Dommage, car Jean Marie a par la suite fait le tour du monde des implantations missionnaires de sa congrégation, presque toujours à des fonctions de direction dans des endroits difficiles où il s’était porté volontaire : en Colombie où il créa une fondation de l’ordre des Pères du Saint-Esprit dans le district Médina aux pieds de la Cordillère des Andes, puis à Madras en Inde où il fonde plusieurs dispensaires et hôpitaux : son abnégation et son dévouement lui assureront une certaine notoriété et parviendront même à la connaissance de Winston Churchill, un grand connaisseur de l’Inde qui, peu de temps avant d’être nommé premier Lord de l’Amirauté, le rencontrera.
En 1909, alors qu’il n’est âgé que de 41 ans, sa santé donne de sérieux signes de faiblesse, par suite des efforts intenses consentis dans les dix dernières années, des privations subies notamment alimentaires, des conditions d’hygiène parfois rudimentaires et de la rudesse des climats qu’il a des difficultés à supporter. « Il est (alors) rapatrié en France où il subit des opérations délicates » (article de 1981). On ignore de quelles interventions il s’agit, dont, apparemment, il se remet, mais sans être en capacité de postuler à un retour dans les missions du bout du monde.
« Après une convalescence active », il est nommé aumônier de Notre Dame de Larnay à Poitiers, institution gérée par les Sœurs oblates de la Sagesse, fondée par l’abbé de Larnay pour s’occuper des petites filles sourdes-muettes.
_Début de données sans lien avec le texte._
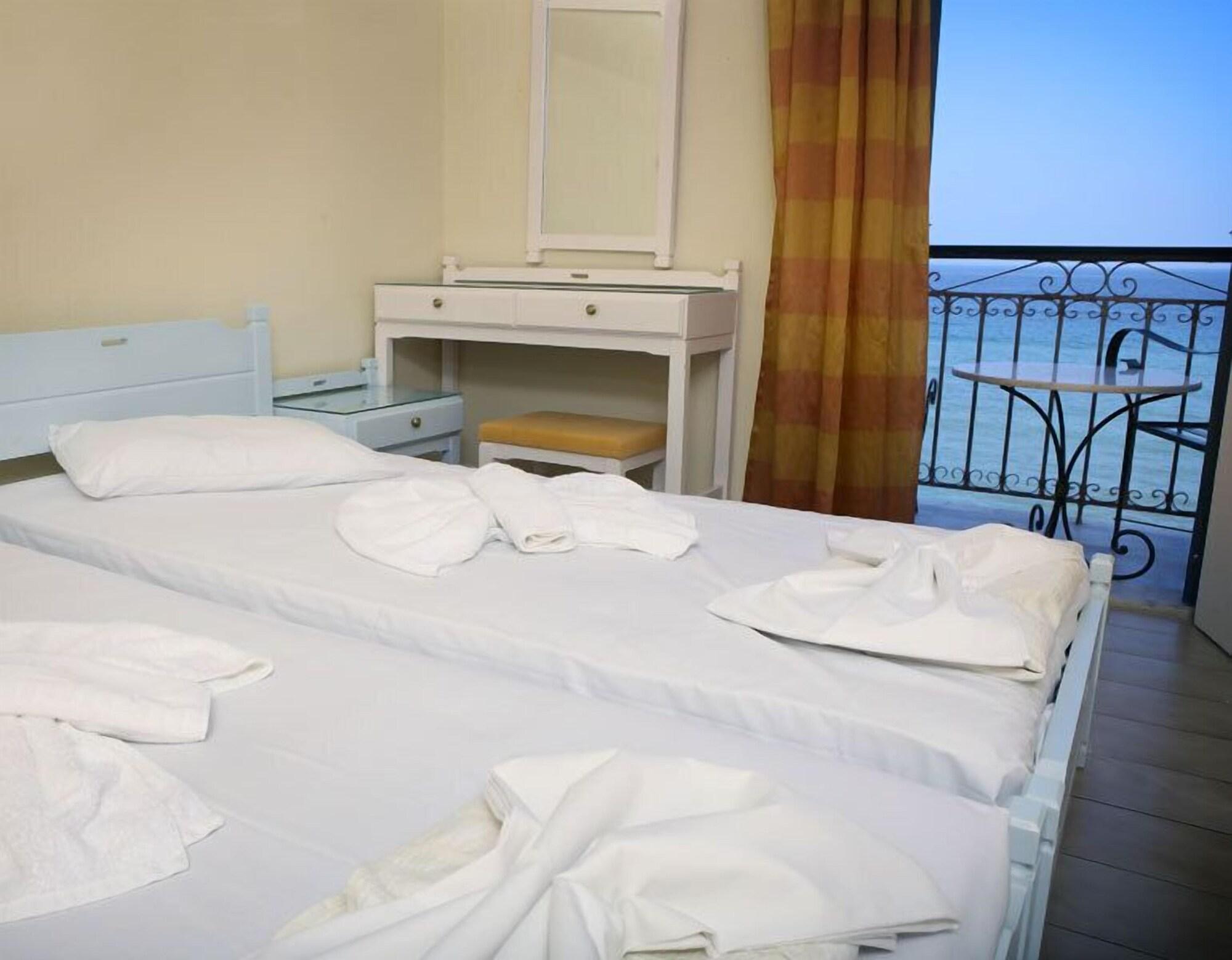 Michaelia Hotel Петра Экстерьер фото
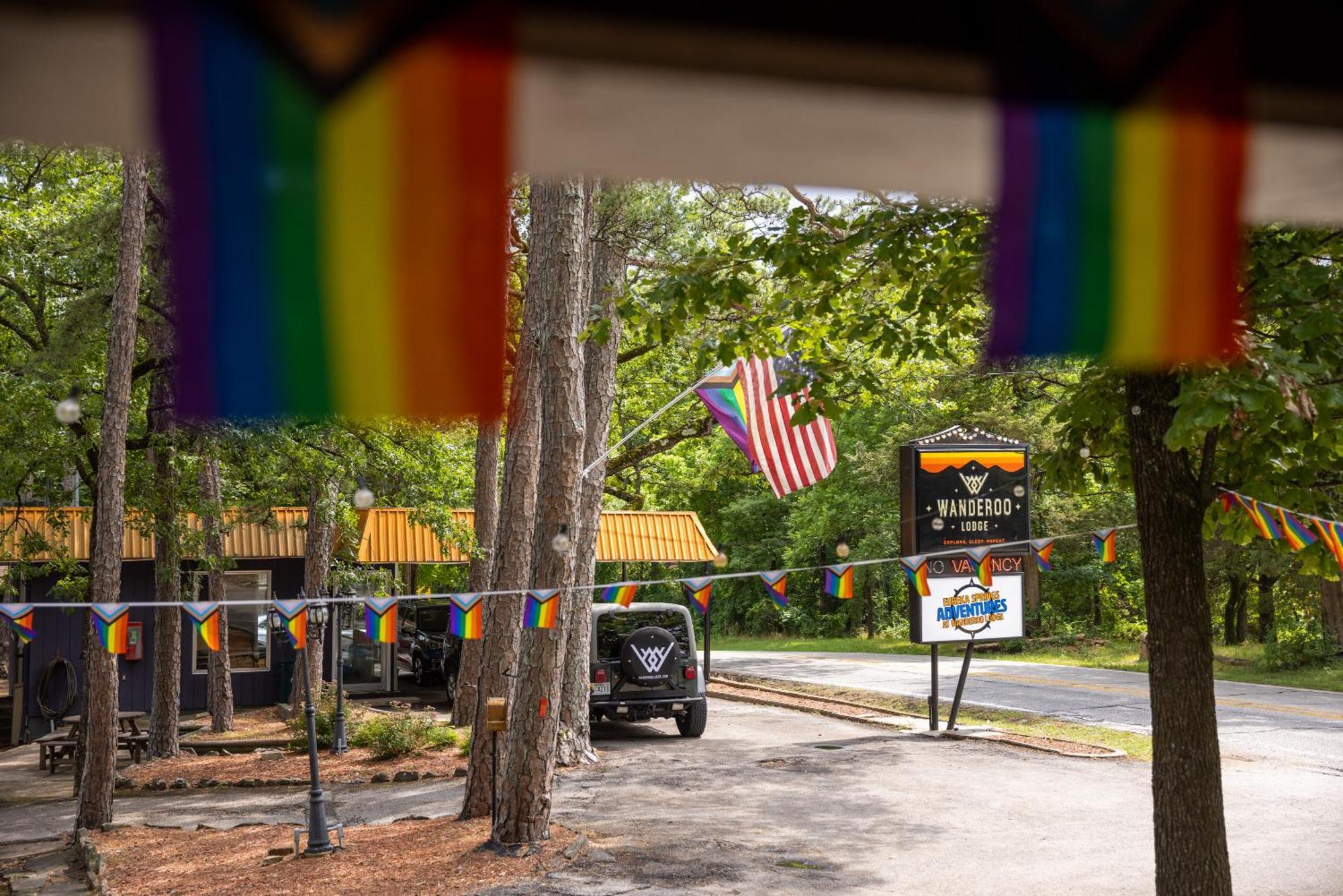 The Wanderoo Lodge Eureka Springs Esterno foto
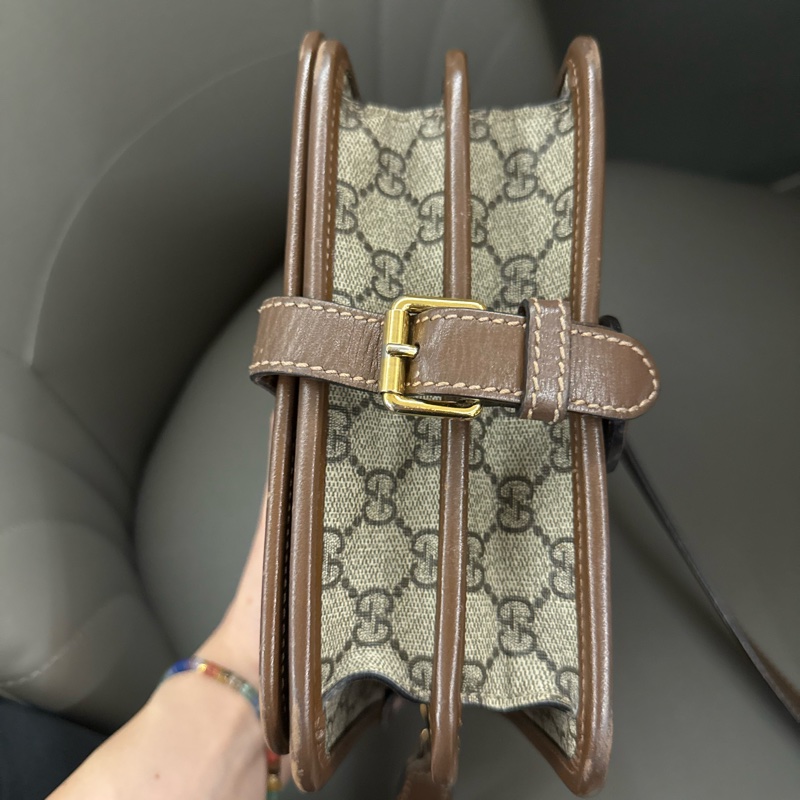Gucci 老花風琴包-14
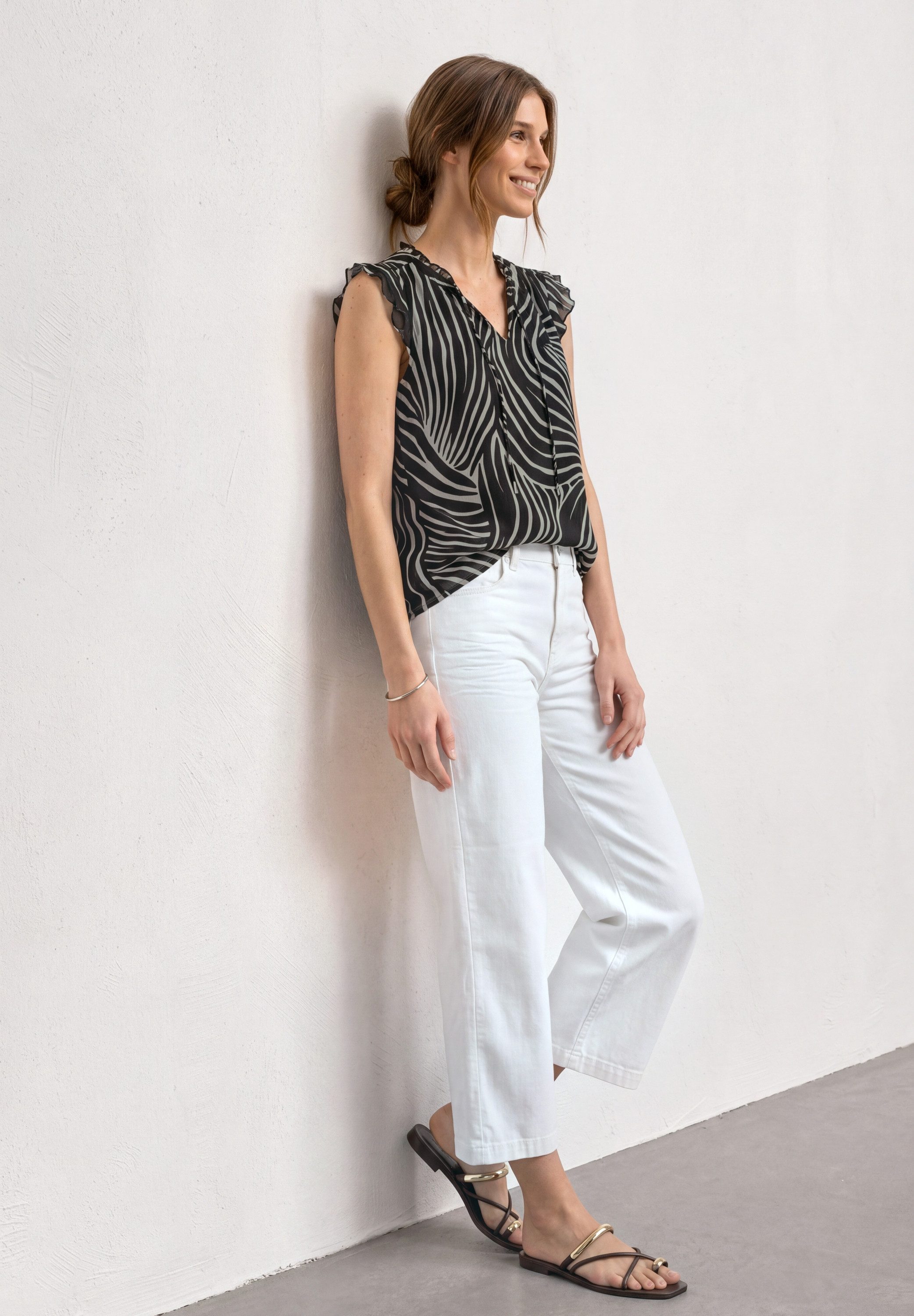 STREET ONE Blusentop weich fallende Chiffon-Qualität, ärmellos mit Rüschen, V-Ausschnitt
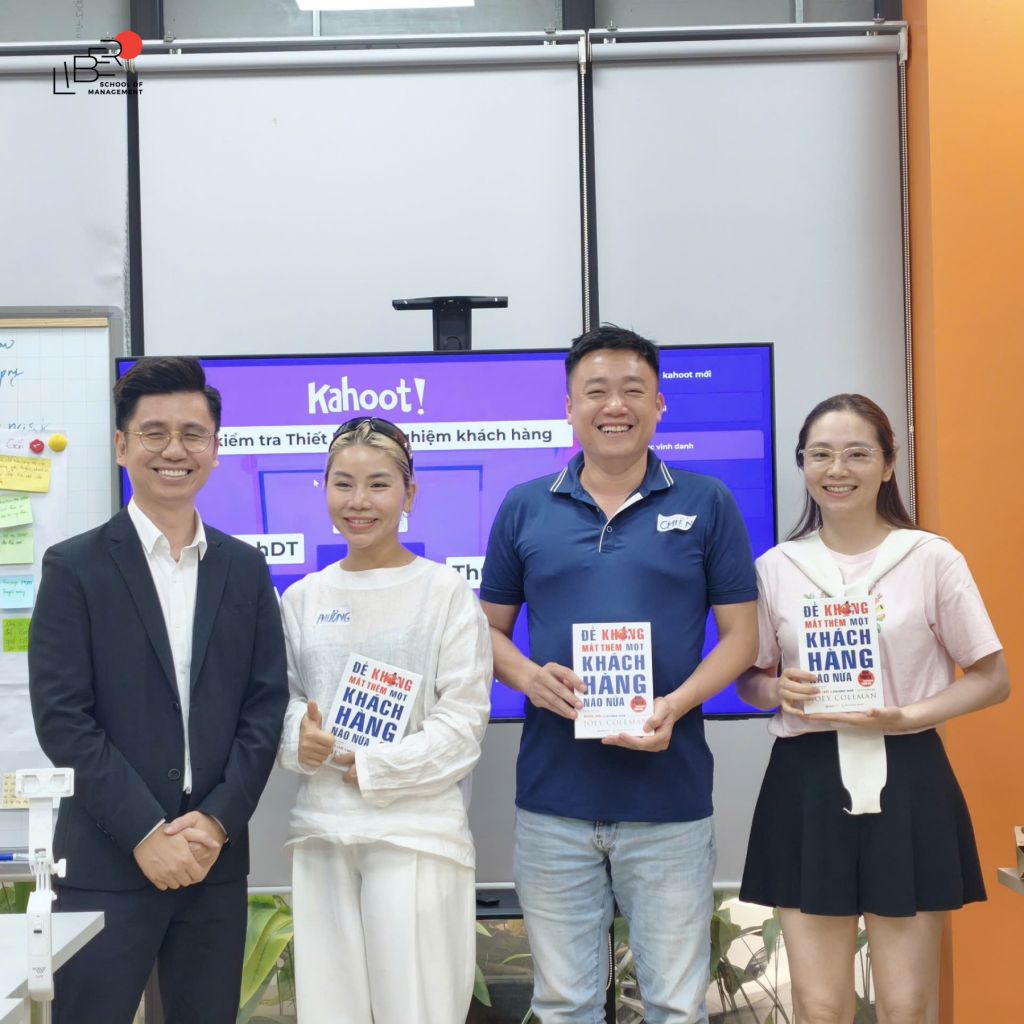 Thiết kế Trải nghiệm Khách hàng (CX Insight & Design): Chuyển hóa Tư duy thành Giá trị Thực thi
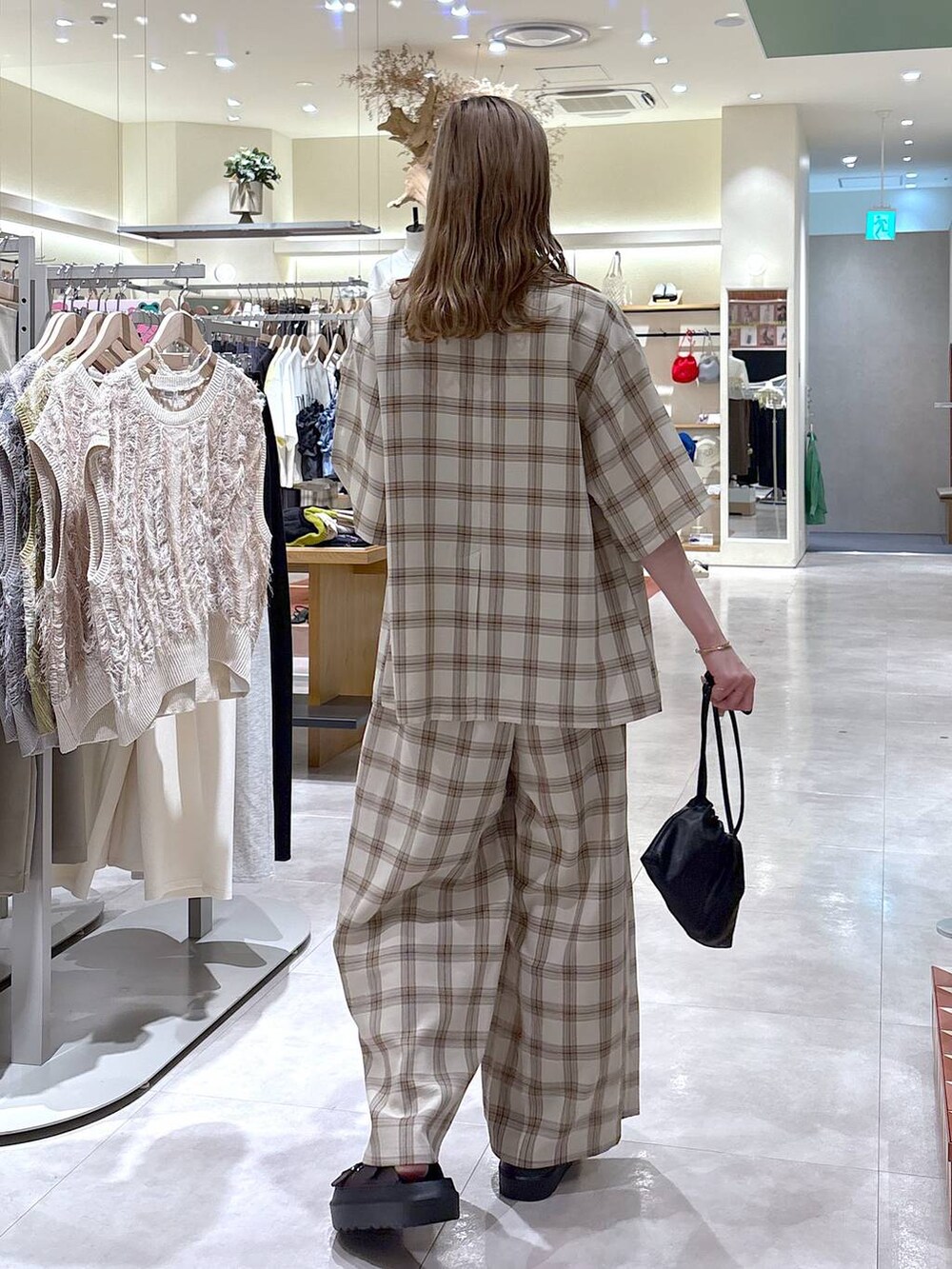 「きれいめ、ナチュラル、ローリーズスタイル_LOWRYS FARM、大人女子カジュアル_LOWRYS FARM、LOWRYS FARM、セットアップ、ジャケット、ワイドパンツ、カジュアル、淡色コーデ、ゆったり、楽ちんコーデ、休日コーデ」|「LOWRYS FARMのホップサックジャケットSS253196(テーラードジャケット、その他)」を使った、ほりんさん(レディース・160cm)の夏コーディネートの5枚目の写真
Il exerce cette fonction jusqu’à la fin de la première guerre mondiale, qui l’affecte durement par la mort de son frère Constant. Ce drame le conduit à s’occuper des trois enfants orphelins en bas âge de son frère. Parallèlement, au sein de sa congrégation, « on lui confie la formation des futurs missionnaires ». Est-ce vers cette époque qu’il refusa d’être consacré évêque ?
En tout cas, en raison d’un diabète probablement ancien et s’aggravant, couplé peut-être à une cataracte, il devint progressivement aveugle, malgré un répit en 1923 à la suite d’une intervention d’« habiles » ophtalmologistes. Mais sa santé continua de se dégrader et il décède le 16 mai 1928. Il n’est alors âgé que de 60 ans mais il était usé. Certains soulignèrent intentionnellement que c’était la veille de l’Ascension…
Il est difficile de conclure une telle trajectoire d’excellence dans un contexte qu’il est presque impossible aujourd’hui d’envisager sereinement: celle d’un intellectuel français, brillant, pragmatique et imaginatif, totalement habité par sa mission et qui consacre sa vie à une cause que le temps a rendu discutable. Ne partageant pas les motivations de Jean-Marie, je ne formulerai évidemment aucun jugement de valeur sur ses choix de vie, pour moi, difficilement compréhensible ! Sauf pour dire qu’il fut cohérent et que je suis admiratif de son parcours ! Peu importe d’ailleurs, il suffit de dire « Chapeau cousin ».
Je ne regrette pas d’avoir un peu dépoussiéré sa mémoire, avec le concours actif de MTG, ma complice habituelle que je remercie chaleureusement pour ses conseils – que je n’ai pas toujours suivis – et pour ses données biographiques et photographiques qui me furent précieuses.